**Source data:**
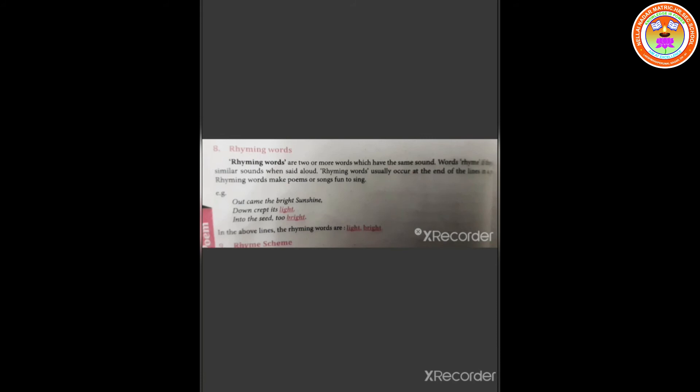For example, out came the bright sunshine, down crept its light, into the sea too bright. In the above lines, the rhyming words are light and bright.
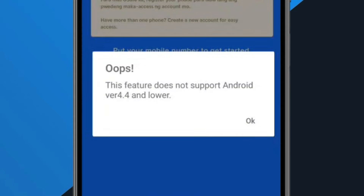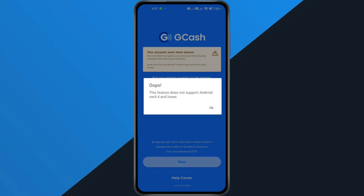Hey everyone! In this quick tutorial, I'm going to show you exactly how to fix the Oops! This feature does not support Android version 4.4 and lower error on the GCash app. So if GCash suddenly stopped working on your phone, just follow along step by step to solve it.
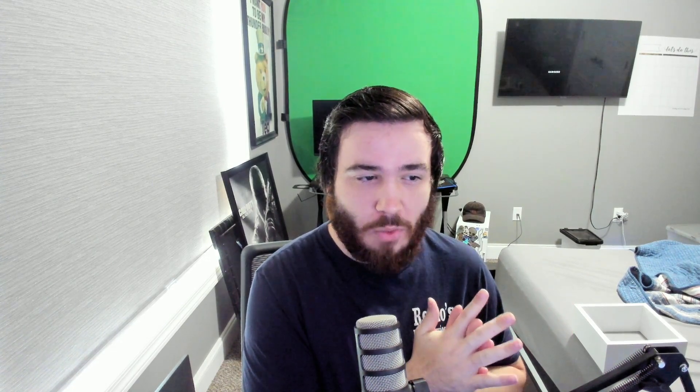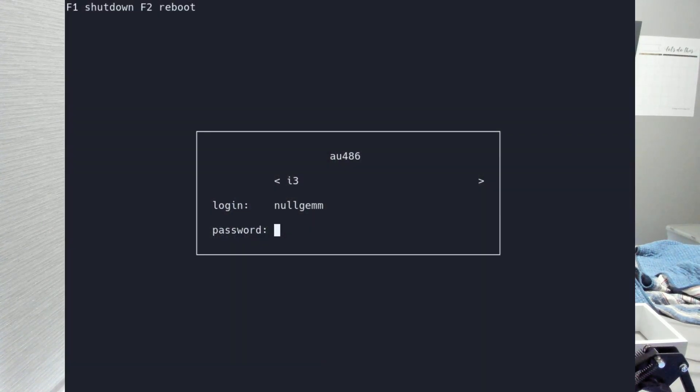Logging in at the TTY is just fine. I'm kind of into `ly`, which is a login manager that's still in the TTY but has an actual prompt window. You can have something like cmatrix falling in the terminal behind it — it's a nicer version of logging in at the TTY.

**Your assignment:**
Hand back exactly the lines from the one with "Hey everyone! In" through the last line of the data above, both ends included, with every picture left out.

**Written answer:**
Hey everyone! In this quick tutorial, I'm going to show you exactly how to fix the Oops! This feature does not support Android version 4.4 and lower error on the GCash app. So if GCash suddenly stopped working on your phone, just follow along step by step to solve it.
Logging in at the TTY is just fine. I'm kind of into `ly`, which is a login manager that's still in the TTY but has an actual prompt window. You can have something like cmatrix falling in the terminal behind it — it's a nicer version of logging in at the TTY.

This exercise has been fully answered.